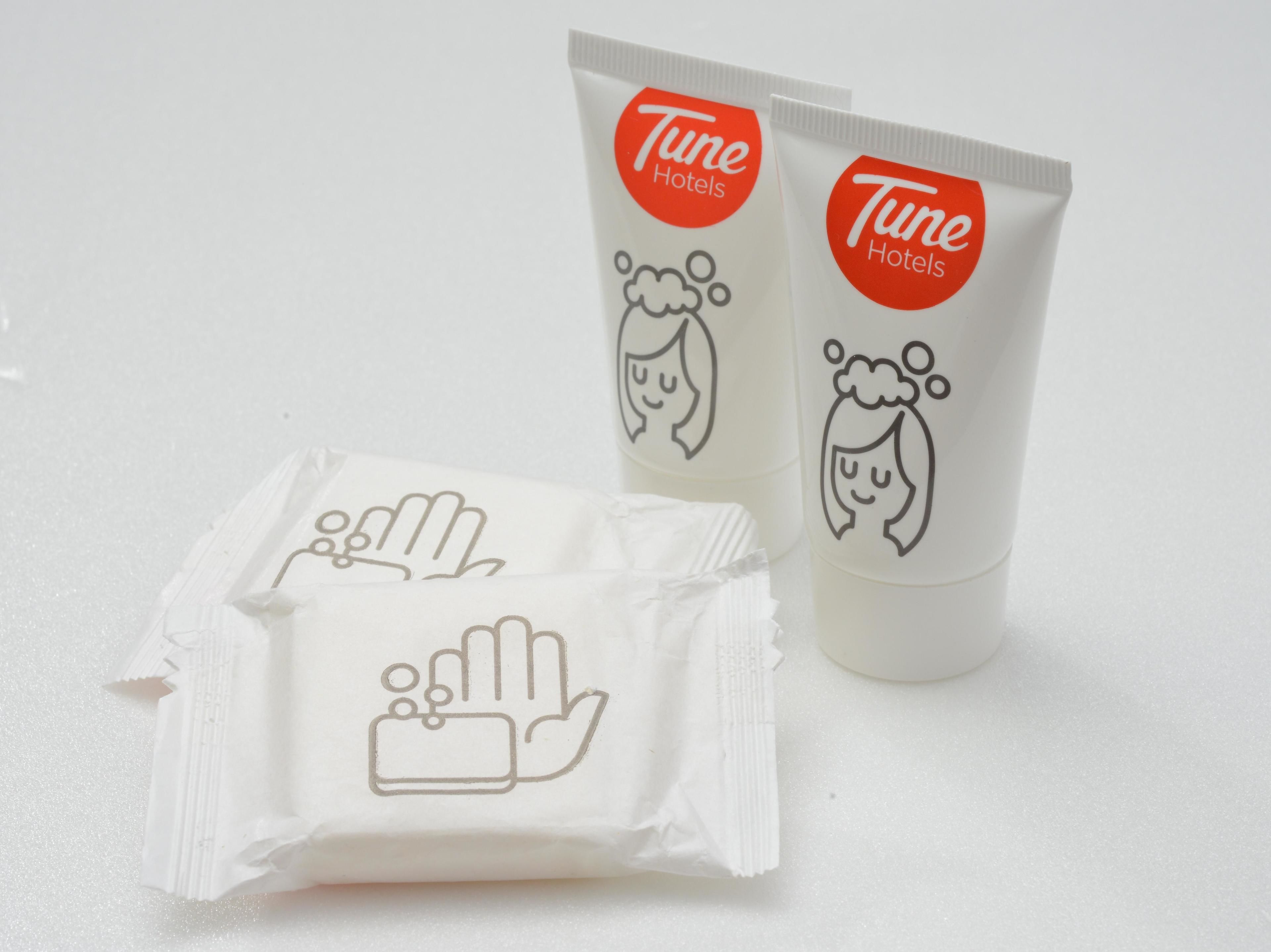 Two tubes of Tune Hotels hand sanitizer and a packet of hand wipes.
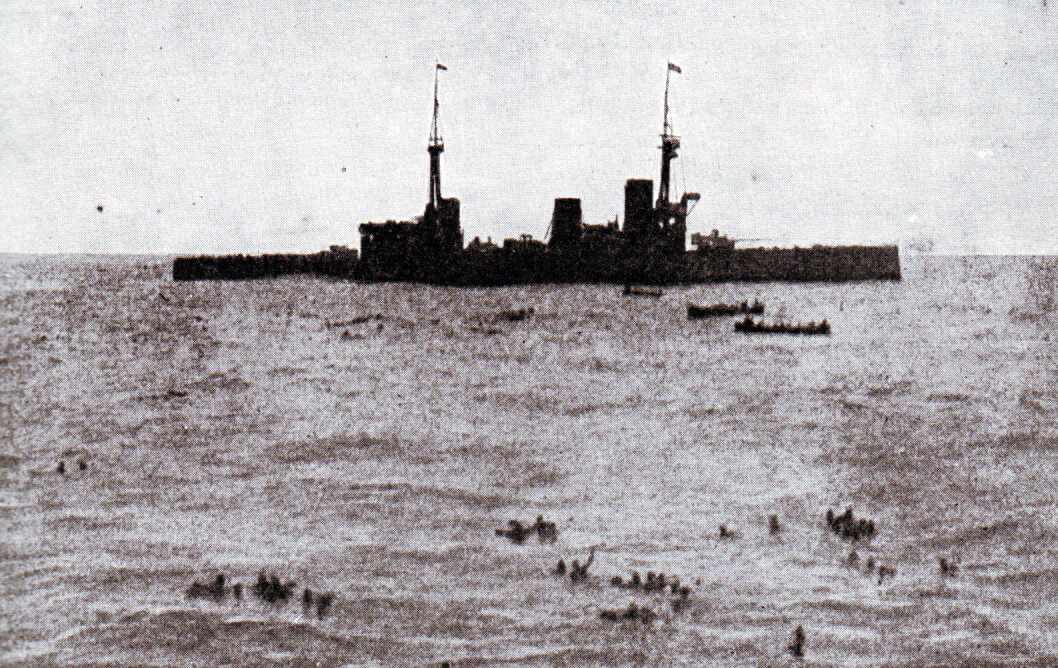 HMS Inflexible picking up survivors from SMS Gneisenau at the end of the Battle of the Falkland Islands on 8th December 1914. Photograph taken by Paymaster Sub-Lieutenant Duckworth RN from HMS Invincible
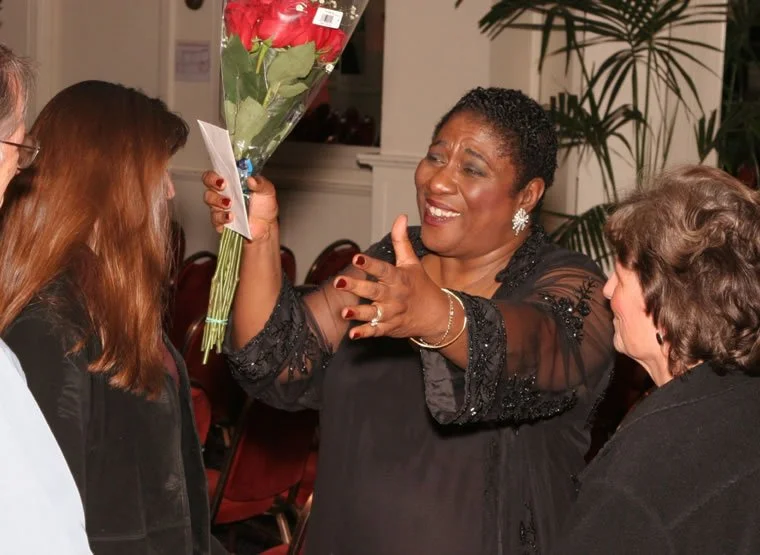 A woman giving a bouquet of flowers to another woman while three others look on, inside a room with plants and chairs.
+++
Activity:
Transcribe the material as is, with images omitted.

Your response:
 Two tubes of Tune Hotels hand sanitizer and a packet of hand wipes.
 HMS Inflexible picking up survivors from SMS Gneisenau at the end of the Battle of the Falkland Islands on 8th December 1914. Photograph taken by Paymaster Sub-Lieutenant Duckworth RN from HMS Invincible
 A woman giving a bouquet of flowers to another woman while three others look on, inside a room with plants and chairs.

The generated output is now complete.